Unisaws use a proprietary motor mount.
You can buy an aftermarket adapter:
http://www.renovoparts.com/43-802-motor-adaptor-bracket-for-right-tilt-unisaws/

Rotary phase converters have a reputation
for outlasting VFDs. You can build a 5hp
rotary converter for about $300 using a
Phase-craft panel and a $100 3ph idler
motor.


----------



## 01ntrain (Jun 21, 2015)

As a "pre-made VFD", there is no such thing. It's just that….a VFD. What's needed are the correct specs and wiring it properly. In this case, what it's essentially doing is acting like an Inverter. Do a search, and there are several threads about the conversion, along with Brad's recommendations. If I remember correctly, they can be had for less than the $300 that you mentioned.


----------



## wapakfred (Jul 29, 2011)

You might find a used Unisaw motor on e bay for less. the VFD will be less than that. Brad can give you specific suggestions when he catches up with this thread.


----------



## MrUnix (May 18, 2012)

It will cost you about $200… what is the FLA listed on the motor?

Cheers,
Brad


----------



## runswithscissors (Nov 8, 2012)

Grizzly has a 3 hp motor with the Unisaw mount.


----------



## maverik (Dec 30, 2015)

Well here's a 3HP VFD single phase input 230V for $207. there are several more on this web site if you don't want this one. There is one that has a remote key pad you can mount where ever is convenient for $261.
http://dealerselectric.com/L510-203-H1-N.asp


----------



## KelleyCrafts (May 17, 2016)

There's this as well. I run a bigger one for the 7.5hp motor on my saw. This one is good for a 3hp motor. About $195 shipped.

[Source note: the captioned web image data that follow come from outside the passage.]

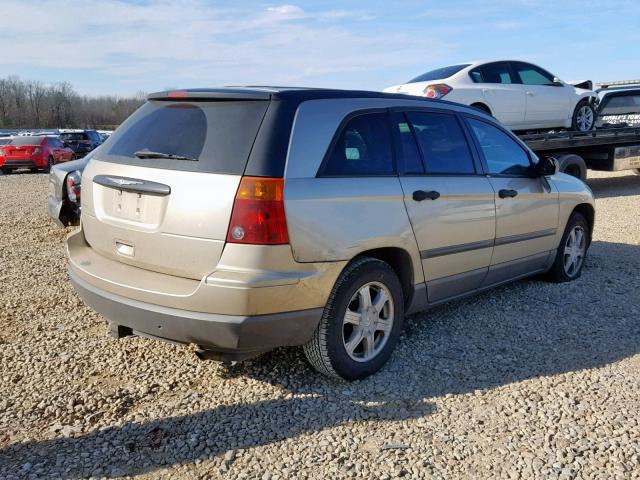 2C4GM48L05R556301 - 2005 CHRYSLER PACIFICA TAN photo 4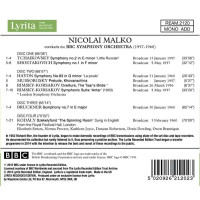 Nicolai Malko dirigiert das BBC Symphony Orchestra -   -...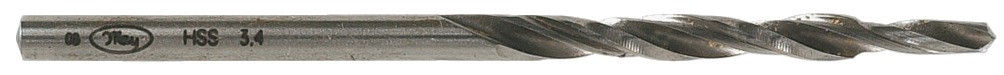 Mehrfasen-Stufenbohrer DIN 8378N HSS für Kernloch 90° M8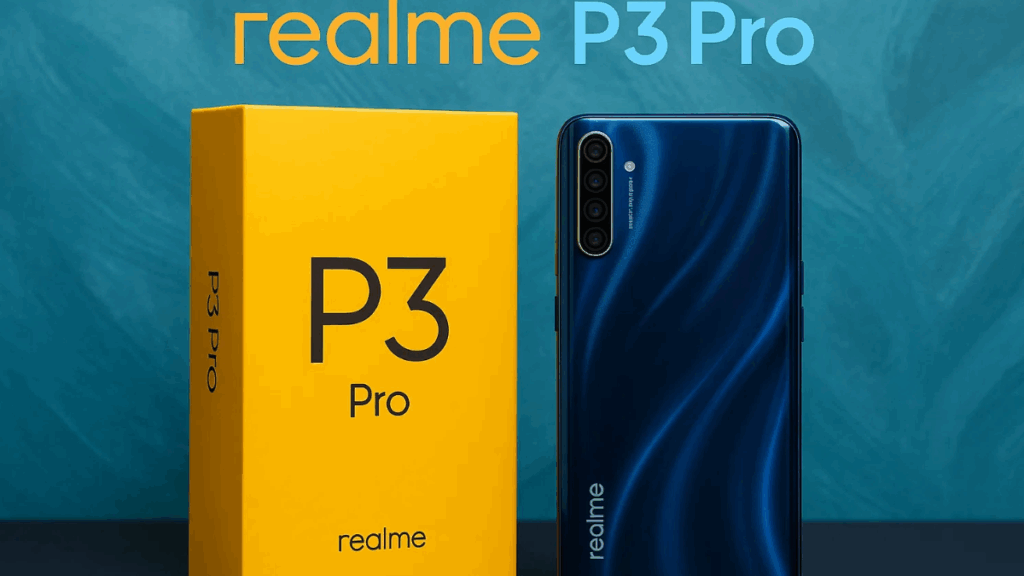 Realme P3 Pro 5G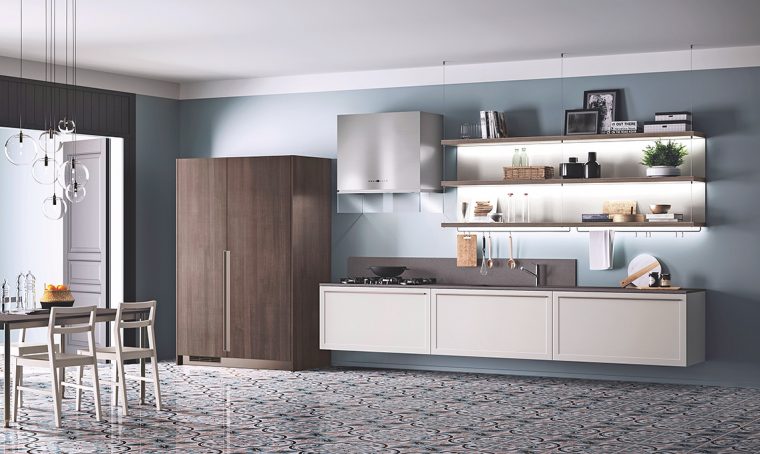La cucina ideale per chi trasloca spesso o è in affitto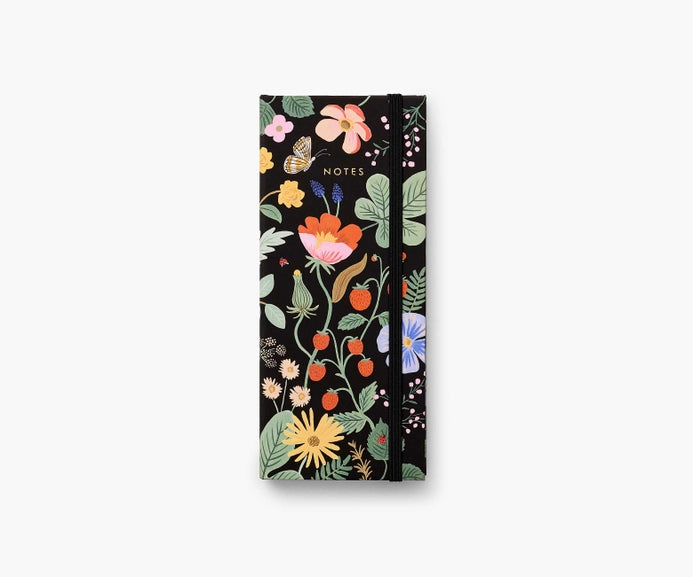 Rifle Paper Co. Strawberry Fields Sticky Note Folio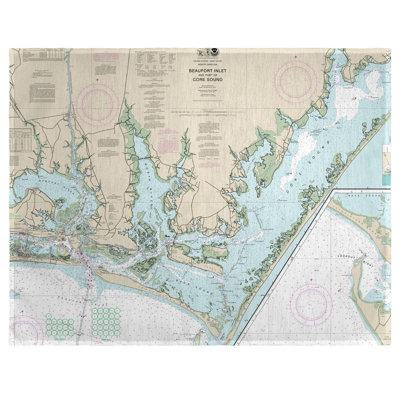 Polyester Cities & Maps Rectangle Placemat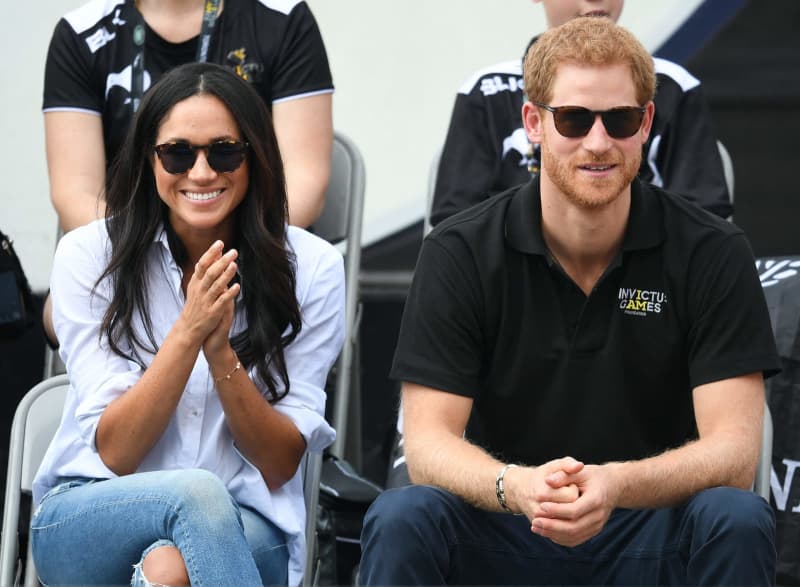 Harry and Meghan face 'royal paradox'
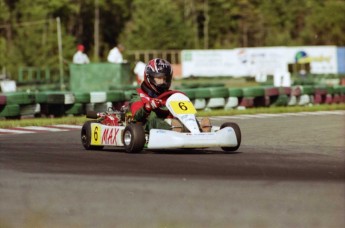 Retour dans le passé - Karting à SRA - Septembre 2004
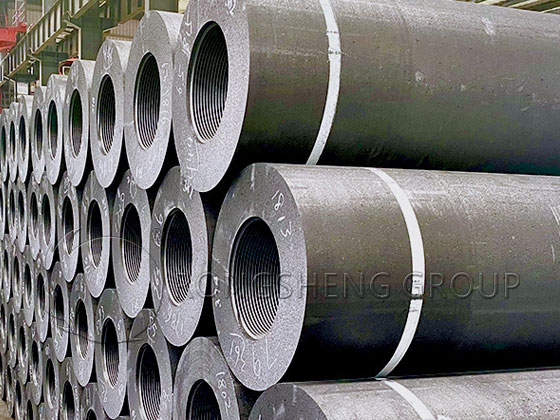 Rongsheng 450mm UHP Graphite Electrode Supplier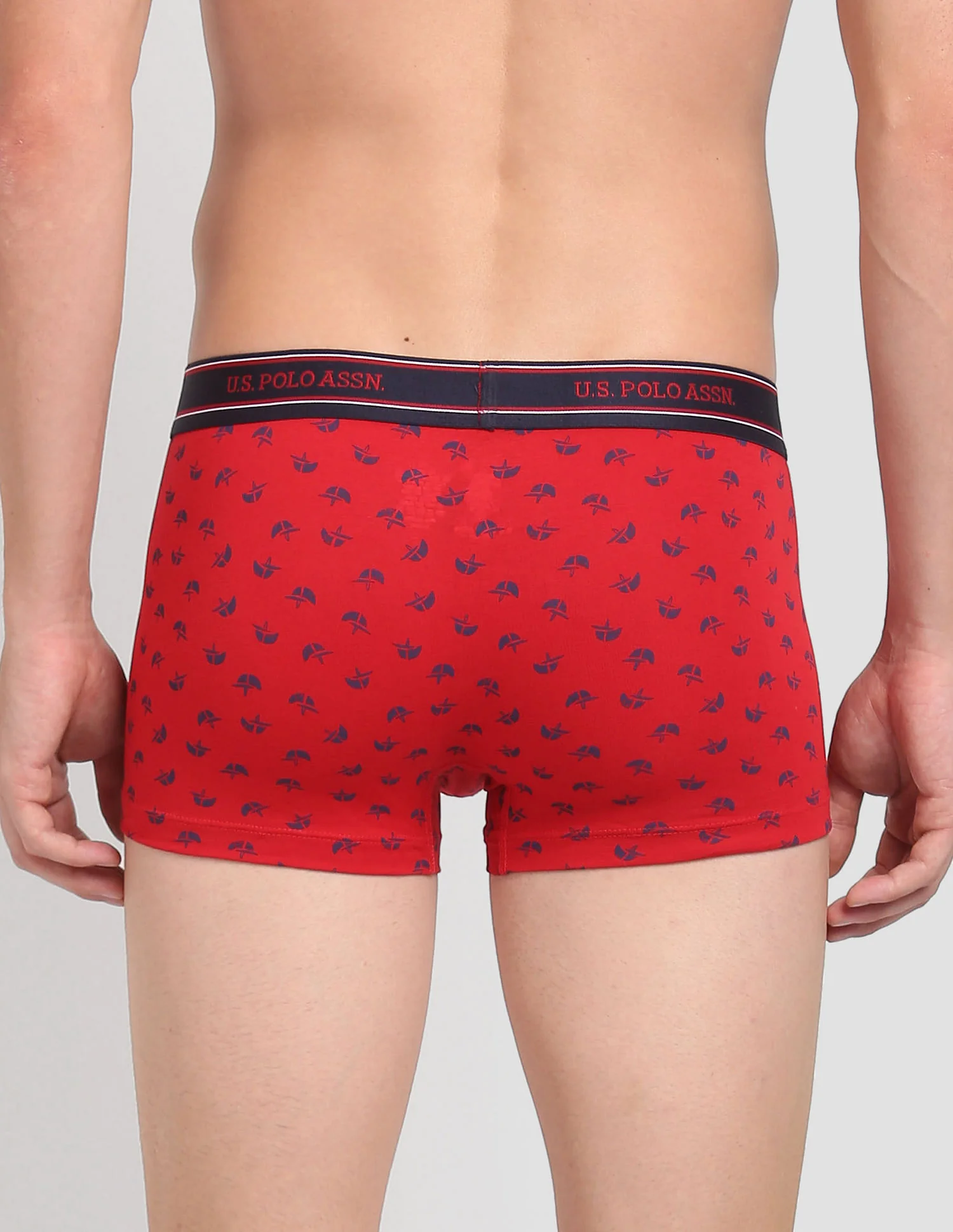 All Over Print Ribbed Jersey I616 Trunks - Pack Of 1 - Image 5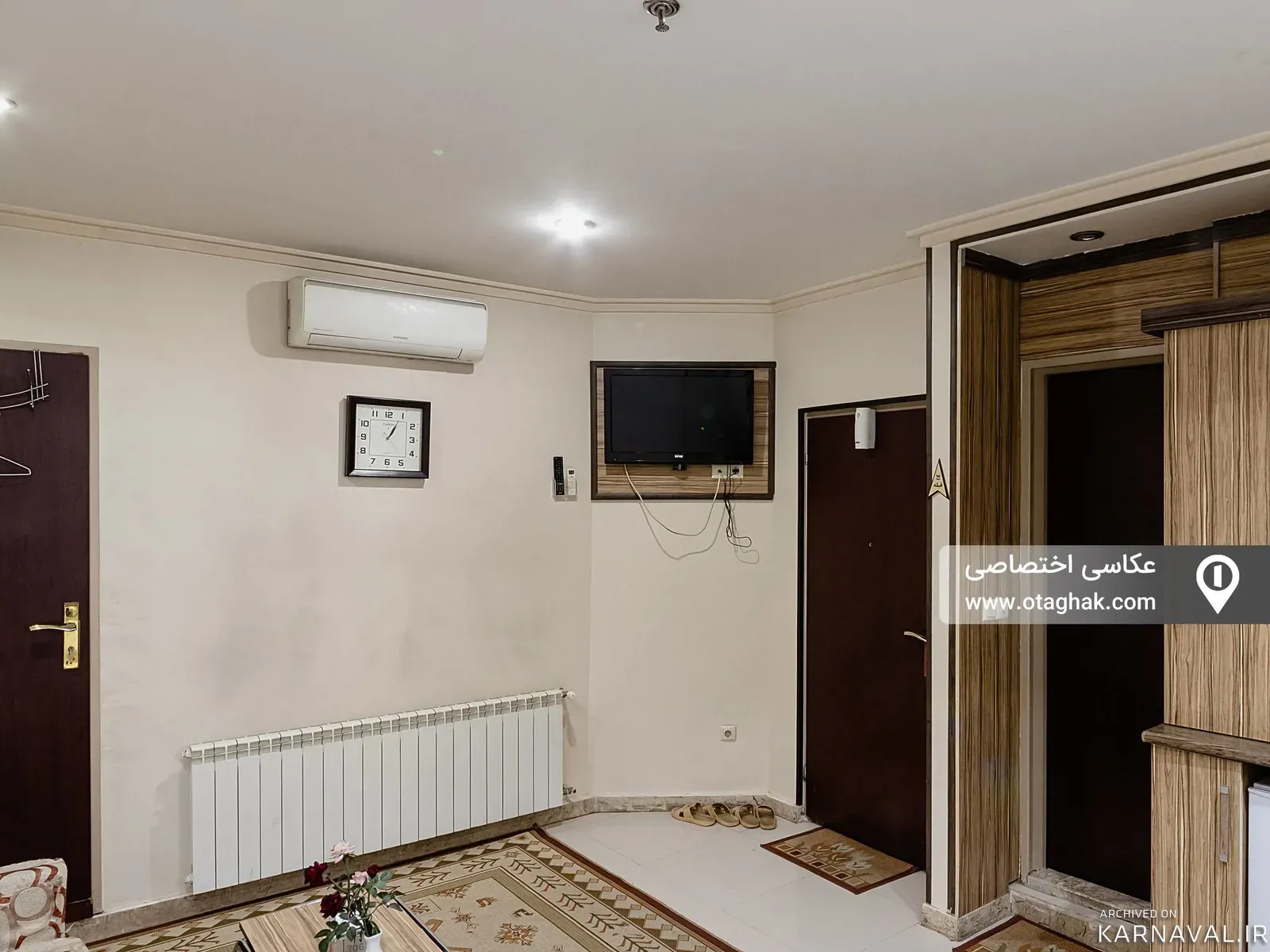 هتل آپارتمان نوین نزدیک حرم (908) مشهد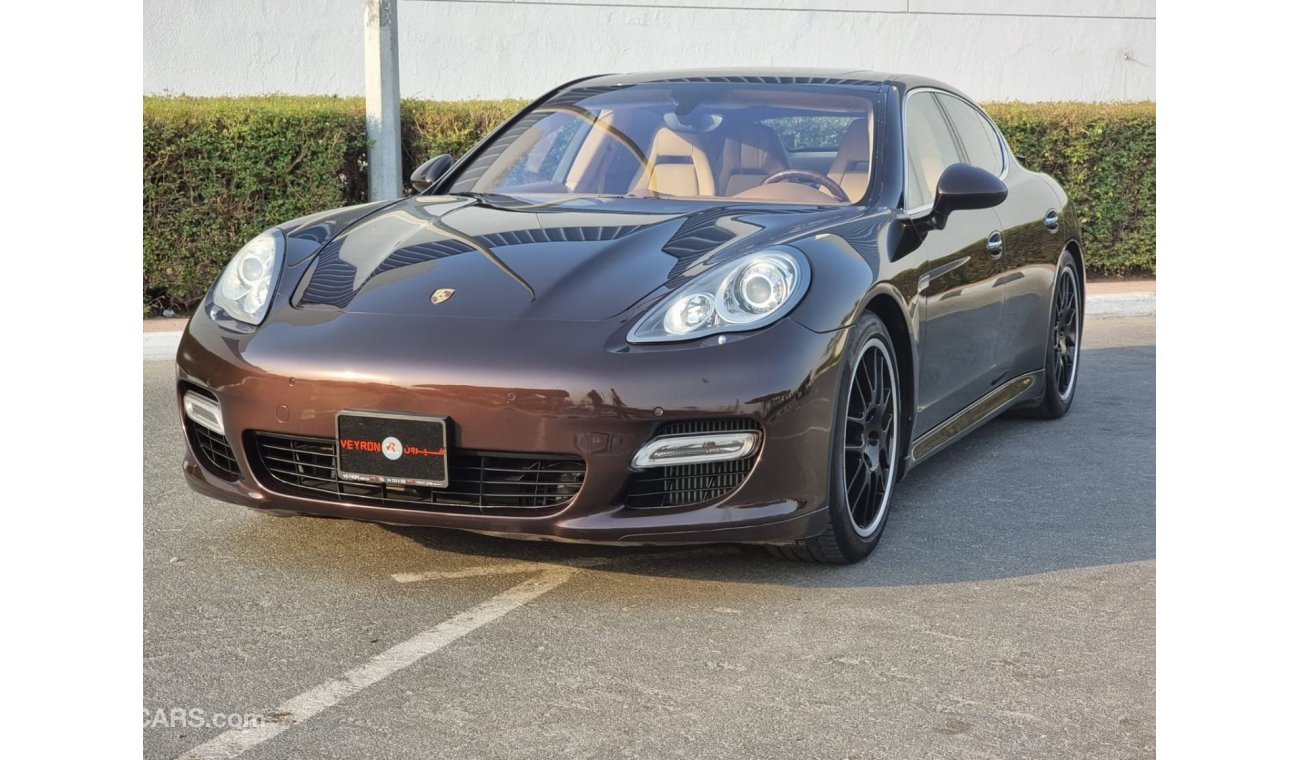 Porsche Panamera Turbo FULL SERVICE HISTORY= LOW MILEAGE = FREE REGISTRATION WARRANTY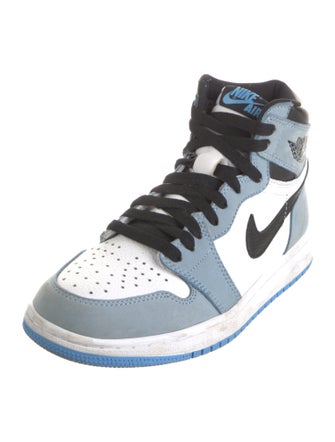 Jordan 1 Retro High OG 'University Blue' Sneakers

https://www.amazon.com/gp/aw/d/B006ETPE7A/ref=mp_s_a_1_1?ie=UTF8&qid=1495580337&sr=8-1&pi=AC_SX236_SY340_QL65&keywords=phase+o+matic&dpPl=1&dpID=313Wt-IJLQL&ref=plSrch


----------



## SweetTea (Aug 5, 2016)

> Well here s a 3HP VFD single phase input 230V for $207. there are several more on this web site if you don t want this one. There is one that has a remote key pad you can mount where ever is convenient for $261.
> http://dealerselectric.com/L510-203-H1-N.asp
> 
> - Lee


So this would be fine to use on my 34-450 UniSaw? Just plug and play?


----------



## MrUnix (May 18, 2012)

> So this would be fine to use on my 34-450 UniSaw? Just plug and play?
> - SweetTea


The Teco L510-203 should work… but you might be able to use the L510-202 for $173 depending on your motors FLA. You could also go with a simpler V/hz drive like the FM50 for a little less money (the FM50-202 is about $156). How they get wired in depends on your saw and what is there now. The converter Ki7hy pointed to is a static phase converter that will reduce your motors output by about 1/3 and has a few other quirks.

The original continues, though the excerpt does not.